■ RECORDS SHOWN ■

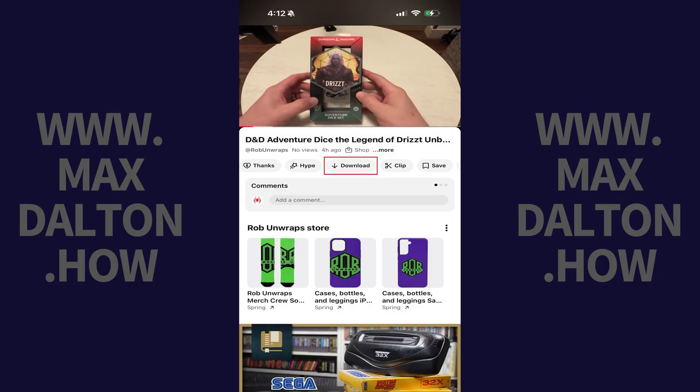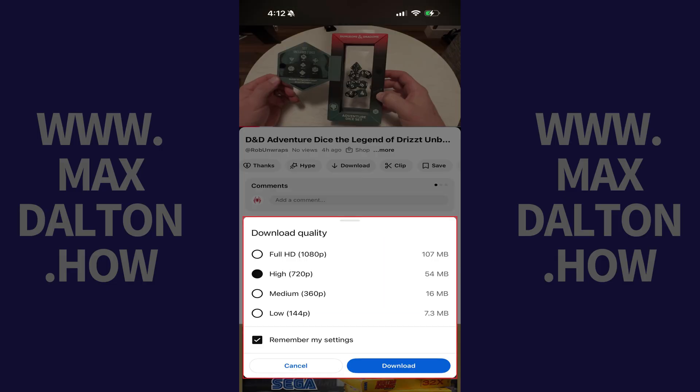Tap Download. A window pops up asking you what you want the download quality to be. Choose your download quality, and then tap Download.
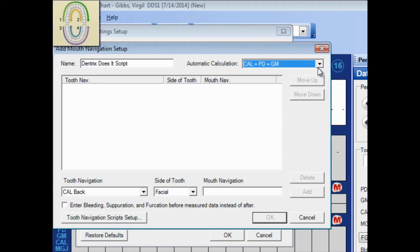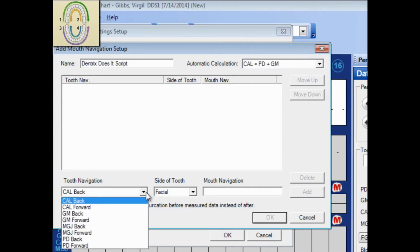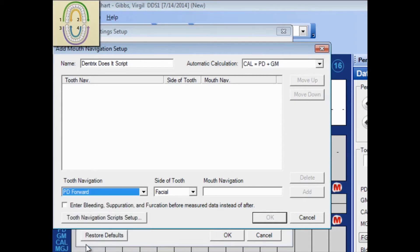And now here's where I reference my drawing from earlier. Part number 1 of my drawing is going to become line number 1 of my Perio script. I'll choose what I'm charting here, which is probing depth. I'm moving in a forward motion, or left to right. As you'd read a book from left to right, that's forward in the terminology of Perio.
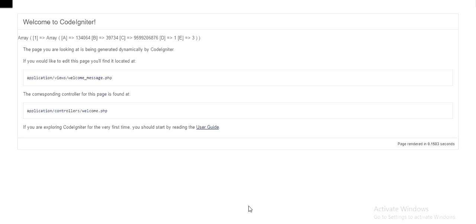Hi guys, today I am going to explain related to CodeIgniter. CodeIgniter is an MVC framework written in PHP language. It is a phenomenal framework because of MVC. What I am going to explain today is how you can get data from Excel to the frontend.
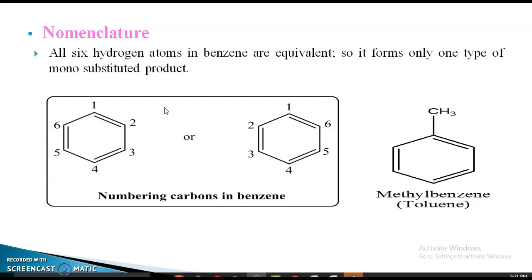Now, the nomenclature of these compounds. In a benzene compound with a benzene ring, the carbon atoms are numbered. If your carbon gives just one substituent, numbering is assigned to give the substituent the lowest possible number.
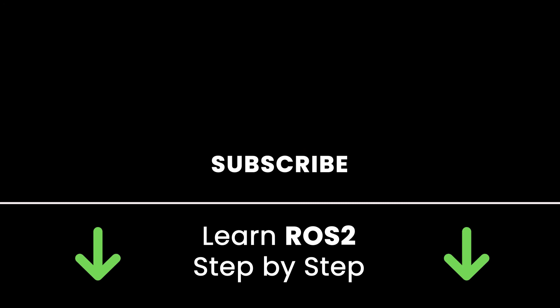If you liked this video, subscribe to get more tutorials like this in the future. Also check out my online courses to learn ROS2 step by step in an efficient way by practicing and directly going to the point. Links are in the description. Thank you for watching, see you in the next tutorial or in one of my courses.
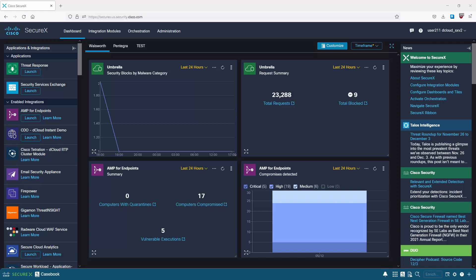Cisco SecureX is a free cloud-based tool that comes free to any Cisco customers who have a Cisco security product capable of integrating with it - which is pretty much almost all of them, depending on which version you are on. Cisco SecureX provides unified visibility, which basically means it gives you a single view of what's happening across your entire security infrastructure.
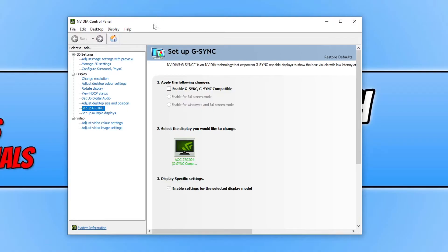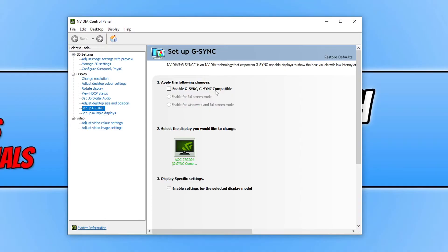Once you're in the NVIDIA Control Panel, you will see an option for Display, and under that you will see Setup G-SYNC. On the right hand side you will have the option to enable G-SYNC. If you do not see this option, then unfortunately your monitor does not support G-SYNC.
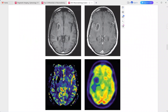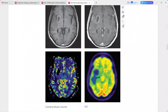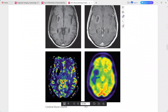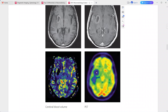The MR perfusion weighted images show corresponding decreased cerebral blood volume. The FDG PET scan reveals corresponding hypometabolism. Decreased cerebral blood volume along with hypometabolism on FDG PET scan is a typical imaging presentation of radiation necrosis.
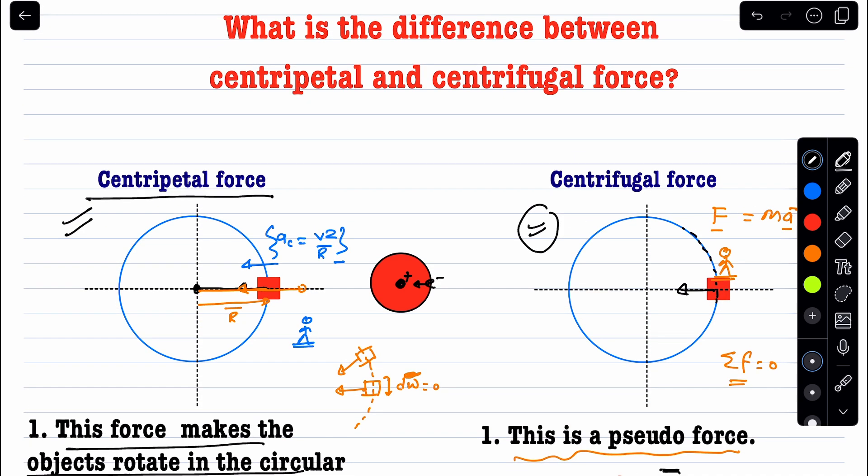To summarize: when applying centripetal force, use Newton's second law from the ground frame. When applying centrifugal force, our observer is on the rotating object, and we use Newton's first law with the equilibrium condition. Be crystal clear on this distinction — confusion here leads to sign errors and wrong answers. Thank you very much.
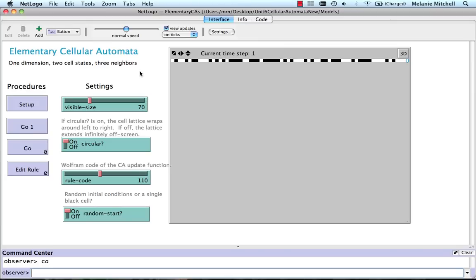Max Orhai has written a simple elementary cellular automaton simulator in NetLogo called elementaryCAs.nLogo. As usual, you can download this from our course materials page. Let me show you how it works.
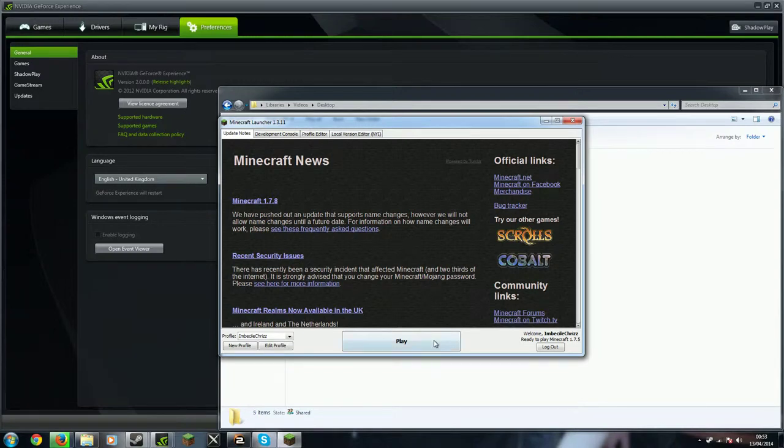Hello beautiful smart people in tech, my name is imbecile kriz and today I'm going to talk to you about maybe how to run Minecraft faster on your computer.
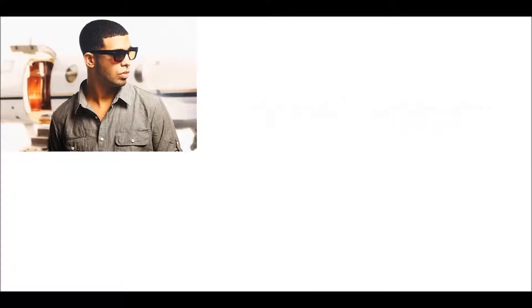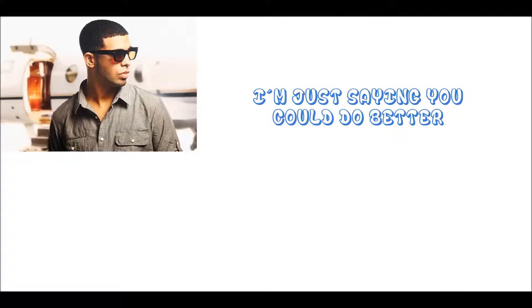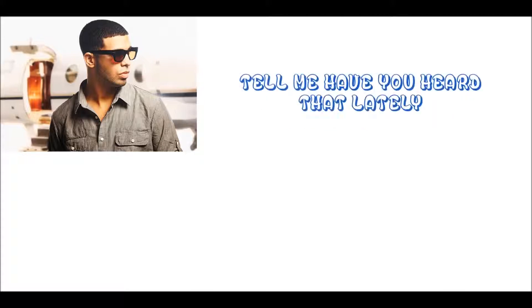I'm sorry. Are you stuck right now? I'm just saying you could do better. Tell me have you heard that lately.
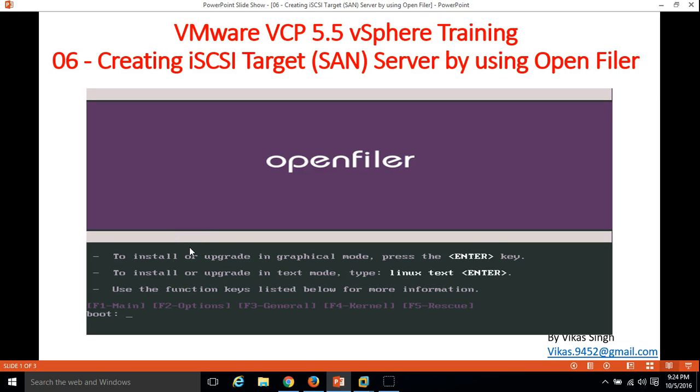Hi friends, welcome to my channel. This is the sixth video of VMware VCP 5.5 vSphere training. In this video I am going to show you how to create an iSCSI target, basically an iSCSI virtual SAN, by using OpenFiler.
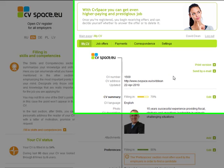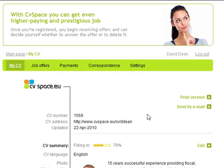After I've created the CV, I will check to see how it looks in a PDF before I start sending it to employers.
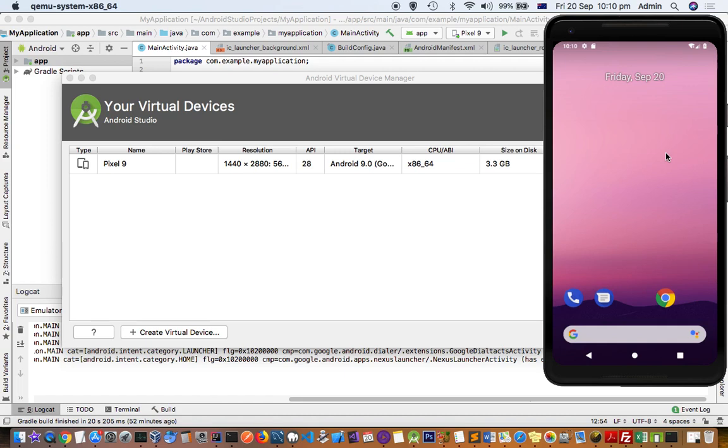You can also do Android app automation. You can connect this device, and the device API will connect to this particular device, and then you can do automation of different apps from here.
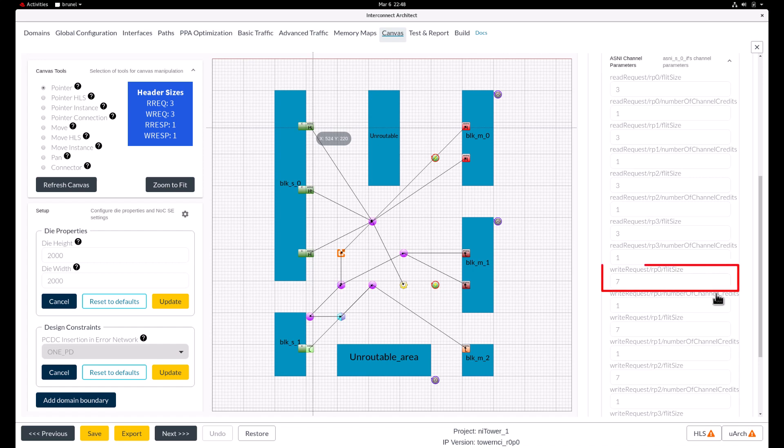The write request flit carries 3 flit elements of header and 4 flit elements of data since it's coming from a 128-bit interface. So setting the flit size to 7 will ensure that the entire write request can be sent in one flit.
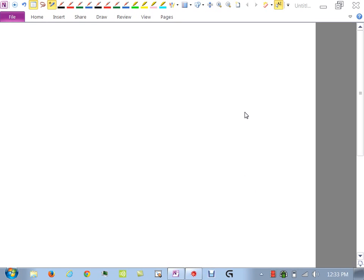All right. Any questions on homework? Students request problems 47 and 51. All right, let's take a look at those.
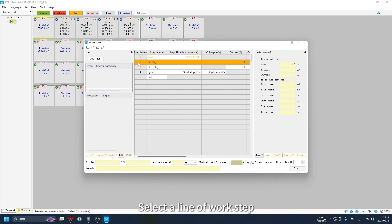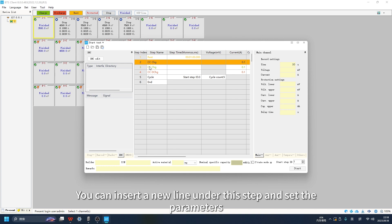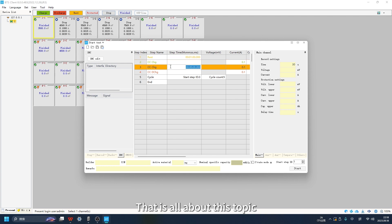Select a line of work step, right-click and select Insert. You can insert a new line under this step and set the parameters. That is all about this topic.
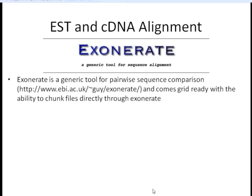Exonerate is a generic tool for pairwise sequence comparison. This comes ready with the ability to chunk files directly through Exonerate. This next section is going to be all command-line based, and I highly suggest learning the command line if you want to do more sequence alignments on a larger scale like this.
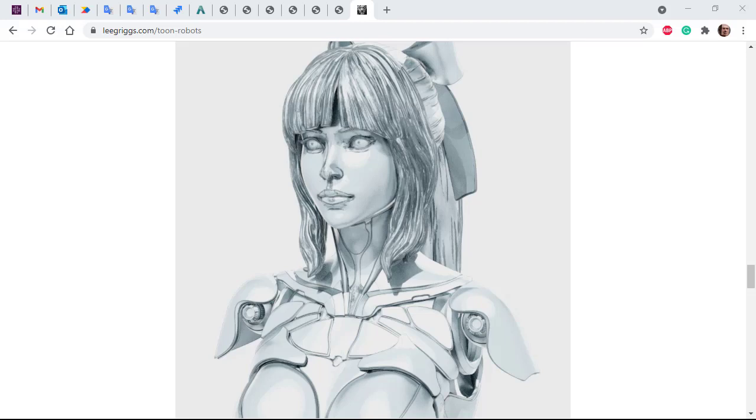Hi there, Lee Griggs, Arnold rendering specialist at Autodesk. I just want to go quickly through how to create this pencil sketch style shading using the Toon Shader in Arnold.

■ EXERCISE ■
Above this task is a listing with pictures in it. Retype only the lines from the one containing "The MR perfusion" through the one containing "After I've created", both included, and not the pictures.

■ RESPONSE TO THE EXERCISE ■
The MR perfusion weighted images show corresponding decreased cerebral blood volume. The FDG PET scan reveals corresponding hypometabolism. Decreased cerebral blood volume along with hypometabolism on FDG PET scan is a typical imaging presentation of radiation necrosis.
To summarize: when applying centripetal force, use Newton's second law from the ground frame. When applying centrifugal force, our observer is on the rotating object, and we use Newton's first law with the equilibrium condition. Be crystal clear on this distinction — confusion here leads to sign errors and wrong answers. Thank you very much.
Max Orhai has written a simple elementary cellular automaton simulator in NetLogo called elementaryCAs.nLogo. As usual, you can download this from our course materials page. Let me show you how it works.
Hello beautiful smart people in tech, my name is imbecile kriz and today I'm going to talk to you about maybe how to run Minecraft faster on your computer.
I'm sorry. Are you stuck right now? I'm just saying you could do better. Tell me have you heard that lately.
Hi friends, welcome to my channel. This is the sixth video of VMware VCP 5.5 vSphere training. In this video I am going to show you how to create an iSCSI target, basically an iSCSI virtual SAN, by using OpenFiler.
After I've created the CV, I will check to see how it looks in a PDF before I start sending it to employers.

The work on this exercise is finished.